TELFORD VICE in Manchester
“EMAWENI webaba … Silale maweni … Webaba silale maweni …” Could there be a less congruous setting for that lilt to leak into than a damp, desolate afternoon at Old Trafford, the wind whipping at the security staff’s day-glo bibs, themselves a cruelly bright joke in the gloom?
Not to South Africans trying to remember what it feels like to wear a pair of shorts. England isn’t short of rooibos and biltong, but it has about as much decent weather as Cape Town has water. Summer? Where? When?
“Homeless, homeless …
“Moonlight sleeping on a midnight lake …”
Damn you and your magic spell of a voice, Joseph Tshabalala, even if you’re only doing your bit to test the ground’s sound system.
It was Thursday, the day before the start of the last test in a series South Africa can no longer win, which has followed a failed one-day rubber, a dog’s breakfast of a Champions Trophy campaign, and a T20 series that sticks in the memory only to remind us that it, too, was lost.
When did all that start? May 19 with a tour match against Sussex at Hove …
Morne Morkel and Chris Morris have been here for the duration. Test squad members Faf du Plessis, Hashim Amla, Quinton de Kock, Kagiso Rabada, Keshav Maharaj and Andile Phehlukwayo were also around for the ODIs, which started on May 24.
Been an age, hasn’t it?
“It’s a very long tour, and it’s an extremely long time to be away from home,” Du Plessis said. “We had a break in the middle [during the T20s], but having the tests at the end makes it even more of a challenge.”

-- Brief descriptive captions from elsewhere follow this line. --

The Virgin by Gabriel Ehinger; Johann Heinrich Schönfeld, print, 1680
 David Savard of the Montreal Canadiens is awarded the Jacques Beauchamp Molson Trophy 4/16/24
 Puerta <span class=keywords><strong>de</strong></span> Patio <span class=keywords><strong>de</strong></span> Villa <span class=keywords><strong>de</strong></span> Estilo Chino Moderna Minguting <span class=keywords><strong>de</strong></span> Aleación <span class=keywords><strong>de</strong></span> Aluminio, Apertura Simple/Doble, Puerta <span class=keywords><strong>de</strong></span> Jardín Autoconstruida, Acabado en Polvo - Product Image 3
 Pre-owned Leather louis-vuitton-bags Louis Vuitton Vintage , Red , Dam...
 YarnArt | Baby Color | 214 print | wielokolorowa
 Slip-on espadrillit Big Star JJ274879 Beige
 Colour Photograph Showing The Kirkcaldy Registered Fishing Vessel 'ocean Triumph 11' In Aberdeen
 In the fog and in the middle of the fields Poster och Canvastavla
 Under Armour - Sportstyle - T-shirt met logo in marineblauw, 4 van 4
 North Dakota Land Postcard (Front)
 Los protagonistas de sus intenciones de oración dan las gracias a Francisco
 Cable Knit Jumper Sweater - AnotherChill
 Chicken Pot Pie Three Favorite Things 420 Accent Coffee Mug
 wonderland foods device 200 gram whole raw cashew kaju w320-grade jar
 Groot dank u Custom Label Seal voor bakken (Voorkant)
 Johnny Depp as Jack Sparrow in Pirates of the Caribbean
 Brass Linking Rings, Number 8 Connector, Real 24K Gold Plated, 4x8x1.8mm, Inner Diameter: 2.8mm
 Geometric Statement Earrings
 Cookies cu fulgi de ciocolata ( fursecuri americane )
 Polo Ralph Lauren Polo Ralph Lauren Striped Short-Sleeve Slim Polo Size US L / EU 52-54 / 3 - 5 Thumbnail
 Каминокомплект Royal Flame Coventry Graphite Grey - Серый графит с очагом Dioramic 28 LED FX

Hang on. Du Plessis wasn’t around for the first test at Lord’s, which he watched from home while holding his newborn daughter in his arms. How clever does that decision look in light of England’s 211-run win there?
“If I have the opportunity again I’d do exactly the same thing, knowing what my wife went through,” he said. “Even if I played, mentally I wouldn’t have been there 100%.
“That wouldn’t have been fair to my team. It’s about giving the best of you when you’re there.”
Not that South Africa have given their best. Instead they’ve played below themselves, which the test series has magnified.
“On long tours like this you need to start with the test matches and end with the T20s, but that’s just the way the schedule is and that’s not an excuse,” Du Plessis said.
“But in a perfect world that would work better.”
Perfection. That seemed in touching distance while Du Plessis’ test team were reeling off series victories over New Zealand, home and away, Australia and Sri Lanka. No longer.
“We haven’t settled on what we want to be as a test team,” Du Plessis said. “The big issue is four seamers versus seven batsmen.”
Decide already: India are coming, then Australia.